私自身の意見は後に述べるとして、現実には聖地を持たない世界宗教は存在しないし、「宗教が宗教として生き延びるためには、むしろ聖地が不可欠である」とする見解もあり、それなりの説得力を持っている。

(中略)

 また富士門徒を今日まで、結束させ歴史をつないできたのも、「富士に戒壇堂を建立する」という悲願があってのことであった。

 私個人としては、これらの「聖地主義」を乗り越えていこうと思っているが、決して単純に乗り越えられるものとは思っていない。(奥歯にもののはさまったような言い方かもしれないが、大切なことなのでじっくり考える必要があるだろう。)創・宗の決裂から既に十七年が過ぎた。しかし、未だに大石寺の力が衰えず、決着はついていない。そのひとつの理由にも、この「聖地」の問題があるように思われる。


この人は創価学会員であるが、そこらの掲示板で悪口を吐いているような人たちとは明らかに一線を画している。
また、「未だに大石寺の力が衰えず、決着はついていない」というのもきわめて公正な態度の分析であり、フェイクなどの謀略情報とはまったく異なる視点にあることは明らかである。

そしてこの聖地問題は、まさに顕正会にとっても重要なテーマであり、これがために顕正会を脱会して大石寺に帰伏するものが後を絶たないとも考えられるのである。

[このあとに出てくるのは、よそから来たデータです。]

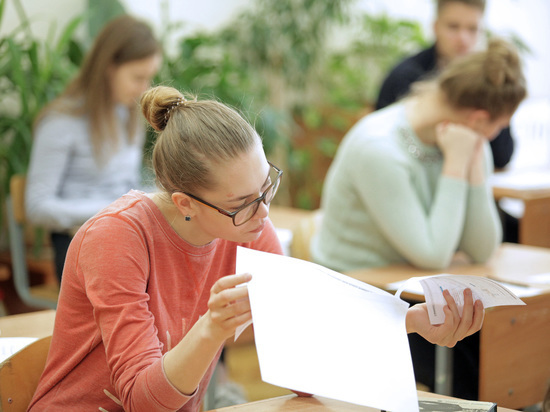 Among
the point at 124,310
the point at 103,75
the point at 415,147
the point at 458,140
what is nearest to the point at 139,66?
the point at 103,75

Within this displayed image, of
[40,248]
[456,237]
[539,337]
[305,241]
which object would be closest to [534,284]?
[539,337]

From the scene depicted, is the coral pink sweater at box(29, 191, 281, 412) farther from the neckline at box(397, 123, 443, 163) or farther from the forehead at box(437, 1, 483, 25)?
the forehead at box(437, 1, 483, 25)

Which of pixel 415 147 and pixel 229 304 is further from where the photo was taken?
pixel 415 147

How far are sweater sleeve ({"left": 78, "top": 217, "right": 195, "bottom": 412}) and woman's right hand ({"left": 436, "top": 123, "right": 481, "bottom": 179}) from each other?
1.21 meters

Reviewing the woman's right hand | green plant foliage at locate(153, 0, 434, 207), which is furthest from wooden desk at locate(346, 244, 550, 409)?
green plant foliage at locate(153, 0, 434, 207)

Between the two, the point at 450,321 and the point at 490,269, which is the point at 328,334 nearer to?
the point at 450,321

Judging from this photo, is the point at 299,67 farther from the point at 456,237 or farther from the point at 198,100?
the point at 198,100

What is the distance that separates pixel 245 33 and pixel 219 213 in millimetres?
3475

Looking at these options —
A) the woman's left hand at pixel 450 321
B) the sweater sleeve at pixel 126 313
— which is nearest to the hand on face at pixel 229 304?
the sweater sleeve at pixel 126 313

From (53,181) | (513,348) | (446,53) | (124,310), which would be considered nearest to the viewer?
(124,310)

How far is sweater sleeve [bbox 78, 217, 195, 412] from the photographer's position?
1059mm

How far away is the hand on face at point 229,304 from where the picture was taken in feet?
3.23

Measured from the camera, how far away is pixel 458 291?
1.17m

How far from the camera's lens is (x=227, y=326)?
3.27 ft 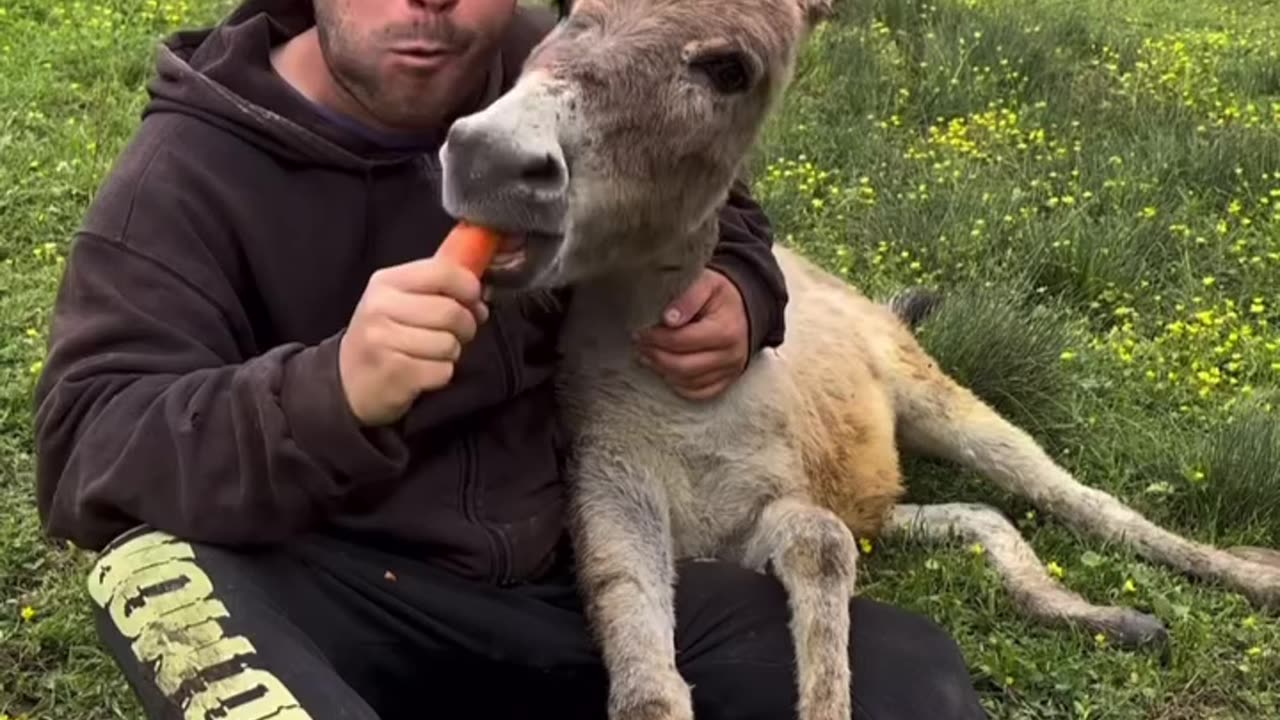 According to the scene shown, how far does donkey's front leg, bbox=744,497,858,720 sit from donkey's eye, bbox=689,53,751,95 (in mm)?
992

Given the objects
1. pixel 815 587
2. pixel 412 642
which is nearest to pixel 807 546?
pixel 815 587

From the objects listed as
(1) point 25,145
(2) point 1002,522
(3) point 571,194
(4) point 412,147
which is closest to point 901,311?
(2) point 1002,522

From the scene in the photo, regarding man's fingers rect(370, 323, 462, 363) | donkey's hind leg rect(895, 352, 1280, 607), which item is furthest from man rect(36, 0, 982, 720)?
donkey's hind leg rect(895, 352, 1280, 607)

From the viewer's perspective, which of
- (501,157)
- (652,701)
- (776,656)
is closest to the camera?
(501,157)

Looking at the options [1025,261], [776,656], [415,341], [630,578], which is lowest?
[1025,261]

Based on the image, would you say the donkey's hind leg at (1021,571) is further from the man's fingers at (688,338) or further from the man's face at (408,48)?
the man's face at (408,48)

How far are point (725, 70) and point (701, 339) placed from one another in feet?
2.33

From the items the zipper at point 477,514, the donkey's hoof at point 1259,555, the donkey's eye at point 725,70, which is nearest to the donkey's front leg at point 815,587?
the zipper at point 477,514

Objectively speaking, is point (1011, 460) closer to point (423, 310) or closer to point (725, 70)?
point (725, 70)

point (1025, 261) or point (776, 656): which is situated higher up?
point (776, 656)

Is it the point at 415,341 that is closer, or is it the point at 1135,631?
the point at 415,341

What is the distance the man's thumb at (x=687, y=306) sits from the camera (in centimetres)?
332

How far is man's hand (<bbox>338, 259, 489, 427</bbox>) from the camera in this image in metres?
2.40

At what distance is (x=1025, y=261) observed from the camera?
5812 millimetres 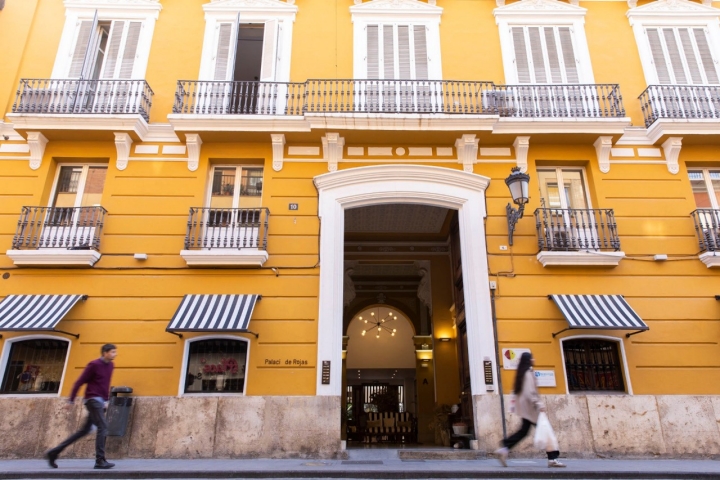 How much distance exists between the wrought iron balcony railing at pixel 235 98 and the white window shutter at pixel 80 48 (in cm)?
279

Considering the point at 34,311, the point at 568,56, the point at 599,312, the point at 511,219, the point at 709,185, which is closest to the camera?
the point at 34,311

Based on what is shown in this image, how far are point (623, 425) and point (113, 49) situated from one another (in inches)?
571

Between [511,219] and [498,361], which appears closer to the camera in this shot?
[498,361]

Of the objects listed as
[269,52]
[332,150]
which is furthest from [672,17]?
[269,52]

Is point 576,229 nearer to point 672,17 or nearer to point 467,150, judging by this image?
point 467,150

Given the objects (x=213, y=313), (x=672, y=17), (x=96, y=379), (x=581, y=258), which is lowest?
(x=96, y=379)

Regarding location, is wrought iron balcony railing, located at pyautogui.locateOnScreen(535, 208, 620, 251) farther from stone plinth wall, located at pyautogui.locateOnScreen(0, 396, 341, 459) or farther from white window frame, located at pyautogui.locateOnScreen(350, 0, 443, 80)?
stone plinth wall, located at pyautogui.locateOnScreen(0, 396, 341, 459)

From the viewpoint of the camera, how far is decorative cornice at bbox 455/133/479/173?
1087cm

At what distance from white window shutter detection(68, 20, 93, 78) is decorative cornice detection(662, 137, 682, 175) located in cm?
1400

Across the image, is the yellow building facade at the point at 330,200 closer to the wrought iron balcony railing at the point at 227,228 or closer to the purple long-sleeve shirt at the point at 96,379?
the wrought iron balcony railing at the point at 227,228

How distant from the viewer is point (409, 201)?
10.9 meters

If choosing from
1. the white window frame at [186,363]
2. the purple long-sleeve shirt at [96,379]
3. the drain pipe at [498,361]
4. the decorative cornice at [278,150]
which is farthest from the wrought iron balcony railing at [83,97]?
the drain pipe at [498,361]

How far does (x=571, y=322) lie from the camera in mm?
9219

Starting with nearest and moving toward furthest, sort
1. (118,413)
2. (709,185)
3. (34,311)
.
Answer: (118,413), (34,311), (709,185) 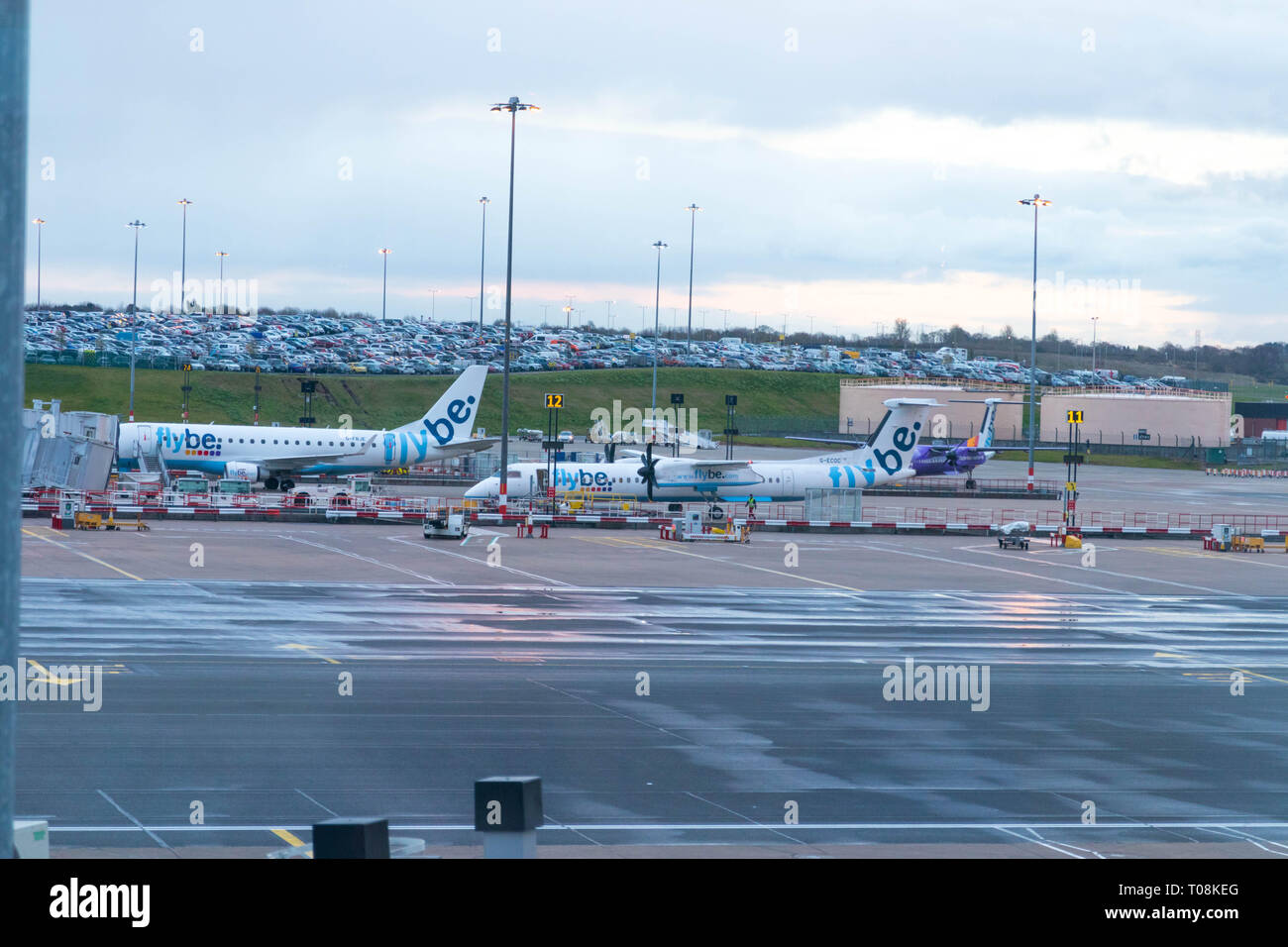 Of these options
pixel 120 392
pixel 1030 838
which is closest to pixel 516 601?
pixel 1030 838

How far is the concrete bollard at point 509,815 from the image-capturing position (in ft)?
27.7

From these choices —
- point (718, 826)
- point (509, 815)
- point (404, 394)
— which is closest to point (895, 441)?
point (718, 826)

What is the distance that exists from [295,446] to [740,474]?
955 inches

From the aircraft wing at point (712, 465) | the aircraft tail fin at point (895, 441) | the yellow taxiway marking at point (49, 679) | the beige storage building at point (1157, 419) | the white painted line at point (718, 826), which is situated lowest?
the yellow taxiway marking at point (49, 679)

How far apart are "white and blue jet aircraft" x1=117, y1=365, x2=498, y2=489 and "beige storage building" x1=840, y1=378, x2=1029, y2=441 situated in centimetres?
6905

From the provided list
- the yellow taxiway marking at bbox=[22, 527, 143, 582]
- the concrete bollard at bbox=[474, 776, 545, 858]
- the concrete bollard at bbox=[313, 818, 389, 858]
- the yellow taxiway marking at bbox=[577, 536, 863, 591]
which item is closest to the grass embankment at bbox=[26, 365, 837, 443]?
the yellow taxiway marking at bbox=[22, 527, 143, 582]

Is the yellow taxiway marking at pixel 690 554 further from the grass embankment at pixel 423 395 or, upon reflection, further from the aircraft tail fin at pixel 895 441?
the grass embankment at pixel 423 395

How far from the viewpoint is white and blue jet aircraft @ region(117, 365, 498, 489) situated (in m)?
69.2

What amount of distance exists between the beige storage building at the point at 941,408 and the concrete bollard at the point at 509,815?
127 meters

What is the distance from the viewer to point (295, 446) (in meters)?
71.7

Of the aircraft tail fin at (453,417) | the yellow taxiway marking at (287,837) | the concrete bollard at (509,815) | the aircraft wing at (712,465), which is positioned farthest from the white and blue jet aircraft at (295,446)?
the concrete bollard at (509,815)

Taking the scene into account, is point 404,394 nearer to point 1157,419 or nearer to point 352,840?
point 1157,419

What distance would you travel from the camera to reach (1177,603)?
37.8m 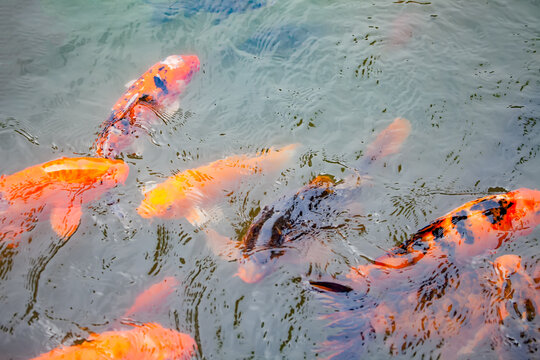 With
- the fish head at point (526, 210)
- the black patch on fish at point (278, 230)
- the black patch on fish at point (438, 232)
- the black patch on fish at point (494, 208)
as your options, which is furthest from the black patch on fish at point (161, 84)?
the fish head at point (526, 210)

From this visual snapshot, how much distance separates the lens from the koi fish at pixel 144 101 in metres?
4.14

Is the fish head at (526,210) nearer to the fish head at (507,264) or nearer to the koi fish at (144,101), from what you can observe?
the fish head at (507,264)

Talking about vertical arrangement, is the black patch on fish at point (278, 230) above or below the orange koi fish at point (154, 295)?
above

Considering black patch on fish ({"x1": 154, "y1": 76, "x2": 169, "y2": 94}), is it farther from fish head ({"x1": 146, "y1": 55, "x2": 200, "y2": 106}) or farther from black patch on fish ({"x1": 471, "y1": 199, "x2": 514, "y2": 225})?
black patch on fish ({"x1": 471, "y1": 199, "x2": 514, "y2": 225})

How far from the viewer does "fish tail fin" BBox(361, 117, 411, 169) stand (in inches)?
157

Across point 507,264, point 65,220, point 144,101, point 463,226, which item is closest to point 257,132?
point 144,101

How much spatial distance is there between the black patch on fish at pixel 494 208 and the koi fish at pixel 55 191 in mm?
3475

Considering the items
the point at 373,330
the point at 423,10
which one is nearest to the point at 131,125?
the point at 373,330

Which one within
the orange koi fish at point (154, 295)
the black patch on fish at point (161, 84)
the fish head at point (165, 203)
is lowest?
the orange koi fish at point (154, 295)

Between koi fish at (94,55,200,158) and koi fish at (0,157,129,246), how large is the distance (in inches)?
10.5

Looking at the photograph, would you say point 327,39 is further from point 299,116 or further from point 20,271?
point 20,271

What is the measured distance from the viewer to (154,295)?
127 inches

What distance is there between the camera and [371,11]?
17.0 ft

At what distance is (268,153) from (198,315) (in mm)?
1799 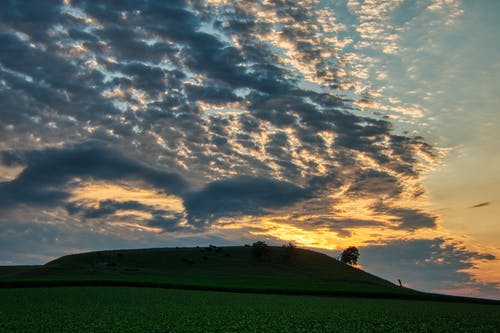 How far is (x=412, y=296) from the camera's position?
76812 mm

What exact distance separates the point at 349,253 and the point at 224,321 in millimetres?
125844

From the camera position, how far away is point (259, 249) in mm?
126250

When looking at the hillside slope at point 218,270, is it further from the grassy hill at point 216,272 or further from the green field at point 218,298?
the green field at point 218,298

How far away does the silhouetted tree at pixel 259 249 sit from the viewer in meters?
125

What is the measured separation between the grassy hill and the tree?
17015 mm

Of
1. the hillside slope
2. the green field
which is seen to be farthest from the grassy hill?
the green field

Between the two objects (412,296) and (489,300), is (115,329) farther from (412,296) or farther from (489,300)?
(489,300)

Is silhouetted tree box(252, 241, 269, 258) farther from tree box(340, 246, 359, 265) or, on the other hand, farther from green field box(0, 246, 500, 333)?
tree box(340, 246, 359, 265)

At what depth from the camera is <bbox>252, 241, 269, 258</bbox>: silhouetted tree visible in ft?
411

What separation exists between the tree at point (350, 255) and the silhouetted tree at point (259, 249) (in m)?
36.5

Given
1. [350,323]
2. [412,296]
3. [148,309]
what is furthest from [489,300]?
[148,309]

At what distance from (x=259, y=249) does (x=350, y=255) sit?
40544 mm

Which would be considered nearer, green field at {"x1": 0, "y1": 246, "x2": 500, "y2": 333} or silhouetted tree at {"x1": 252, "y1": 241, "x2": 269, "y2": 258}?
green field at {"x1": 0, "y1": 246, "x2": 500, "y2": 333}

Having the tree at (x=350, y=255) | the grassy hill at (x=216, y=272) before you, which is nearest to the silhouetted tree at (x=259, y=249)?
the grassy hill at (x=216, y=272) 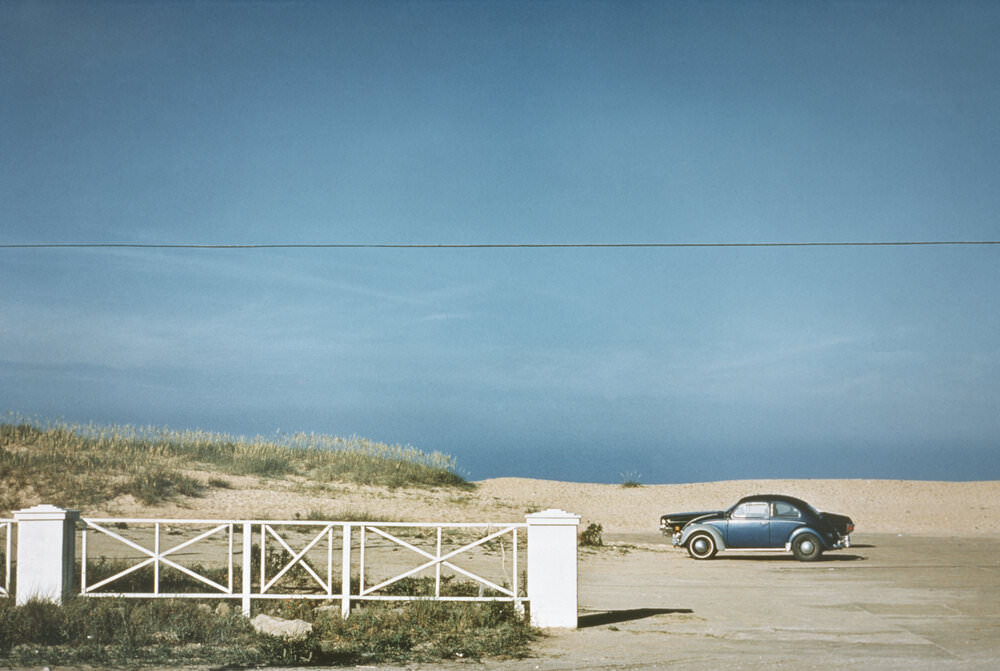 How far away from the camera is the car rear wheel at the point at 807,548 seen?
22500 millimetres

顕正新聞を読んでいると、ことに地方在住の会員の体験発表などでは、本部会館への参詣が叶ったことの感激を述べるくだりがよく見られる。これも一種の聖地信仰であろう。
その意味で、なぜ本部が埼玉なのかという問題があって、それを気にしてのことだろう、浅井先生は「私はこの地を埼玉ではなく武蔵の国だと思っている」(取意)と言っていたことがあった。
その会通の是非はともかくとして、どのみち顕正会にとっての聖地は冨士大石寺のはずなのである。あるいは天生原ないし天母山であろうか?

ここで戒壇論に結びつけるならば、もはや事壇や義壇の論争をしているのが馬鹿らしくなってくることに気がつくべきなのである。
なにゆえ宗教法人顕正会は冨士大石寺顕正会を名乗っているのであろうか?
それは冨士大石寺が唯一の正系門家であり、本門戒壇の大御本尊ましますがゆえであろう。つまり、現時における聖地なのである。もし天生原に固執するならば、冨士天生原顕正会とでも名乗ったらよろしい。しかし、絶対にそんなことはしないはずである。

先に体験発表で本部参詣の感激を述べるくだりがよく見られると書いた。
これは別に取り立てて悪いことではないと思う。冨士大石寺顕正会の表札を掲げている限りは、それほど道を踏み外すことはないだろうと思うからである。
逆に言うと、顕正会が独自路線を目指すならば、冨士大石寺の看板を外す必要があるだろう。しかし、それは同時に、顕正会の過去を全否定する暴挙でもあるのだ。

このようなジレンマがある以上、ヘタなことはできないのである。

なお、「魯の人の云く・・・」の続きの文章には次のようなくだりがある。

 ある人は言った。「魯の人さん、宗教は建物ですよ。建物を無視して宗教は生き残れない」。草創期からずっと、学会運動をリードしてきたその人の言葉には、ずしりとした重みと現実感があった。

現在の顕正会も多造塔寺堅固の様相を呈しつつあるので、なるほど「ずしりとした重みと現実感」をわたくしも感じずにはいられなかった。